Architects have demonstrated that they have reached the highest skill level and can develop a framework for an application to be executed by a team of developers if given a set of high-level requirements. The candidate will do this by taking a 4 hour exam where they will develop the shell of a medium to large project based on written requirements.  The exam product is then reviewed by at least two NI employees and graded based on accepted criteria. The CLD is a prerequisite for the CLA. So if you have not made it that far yet, go visit Jeff's nugget.

Until recently, I claimed that the CLA was the hardest exam I had ever taken. That includes grade and high school, college, and graduate school. That title has now moved to the CLED, but that's for another nugget.

Most of the scenarios I have heard and seen are CLD projects taken a few steps further, usually with multiple processes that need to work in parallel. For example, my CLA was the Car Wash. Those who have studied for the CLD should be all too familiar with that scenario. Now take the CLD scenario and add two additional modules (parallel processes) to it.

NI Preparation Information
The NI exam e-Kit can be found here: NI Certified LabVIEW Architect (CLA) Exam Preparation Resources
I have also been told that the great Fabiola has a great course specifically for the CLA. I know the queen of Delacor would not mind talking to you about it.

My Journey to become an NI Certified LabVIEW Architect

In 2011, my CLD was about to expire and I just figured I might as well just go for the Architect.
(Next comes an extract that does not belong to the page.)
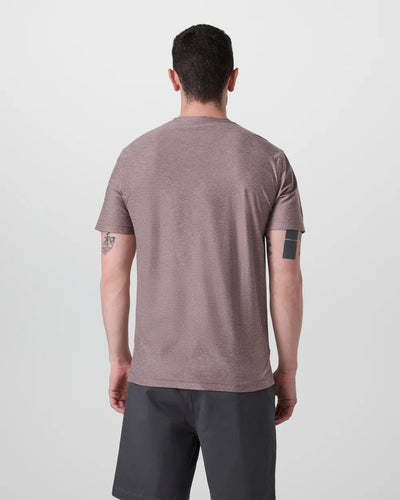 Men's Vuori Strato Tech Tee - V126-HKB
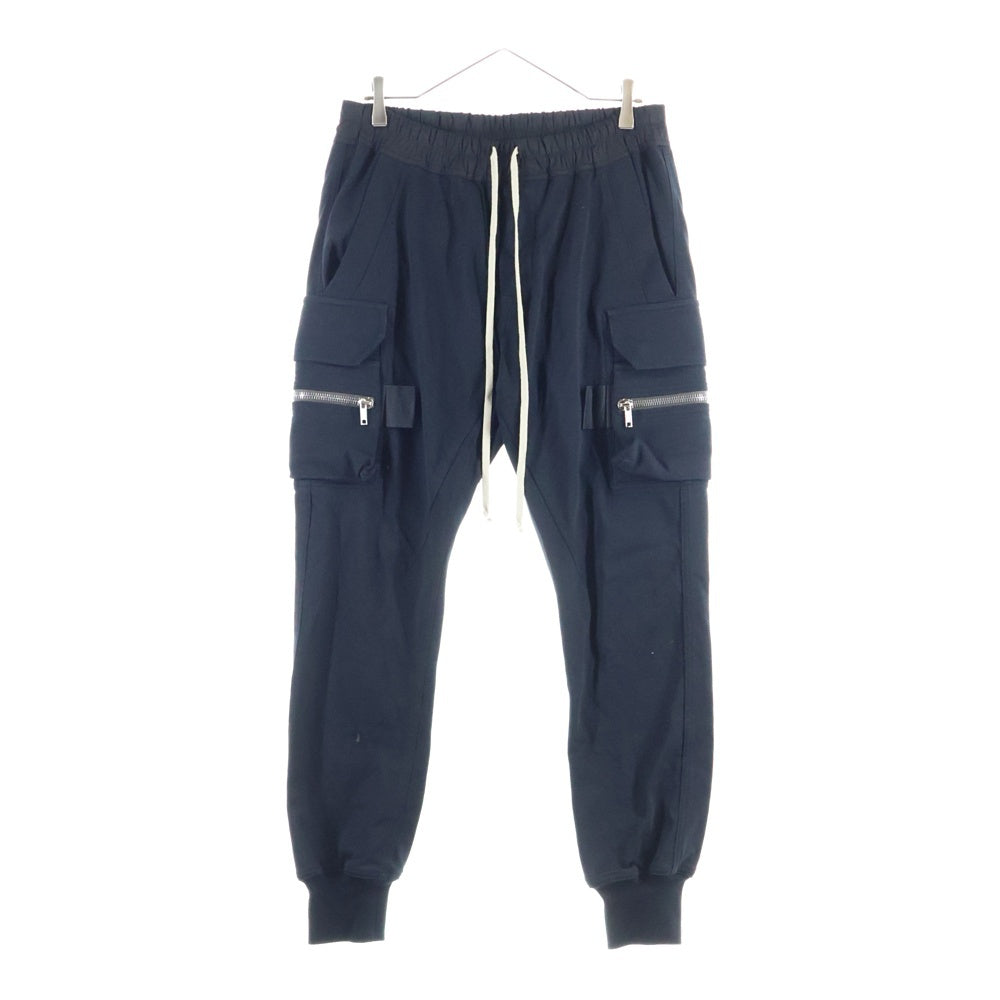 Rick Owens(リックオウエンス) 22SS MASTODON CARGO マストドン カーゴ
So in September I took the exam and about a month later found that I passed with an 85 (70 needed to pass).  I was quite happy with that score (didn't I say it was the hardest exam I had ever taken?).

For preparation, I went everywhere.  Darren Nattinger has a great blog entry that gave me a lot of good tips (link). I also managed to sit in a teleconference with somebody at NI to go over the exam and the criteria they were looking for. Between those two things, I felt confident in my ability to take the exam.

My Personal Recommendations to Candidates
Here is the major thing with the CLA: you are building a framework. Fabiola put it well when I heard her tell people "For the CLD, if the program works you will likely pass.  For the CLA, if the program works, you will likely fail."  That's right, the application SHOULD NOT RUN. Again, you are building an ARCHITECTURE, not an entire project on your own.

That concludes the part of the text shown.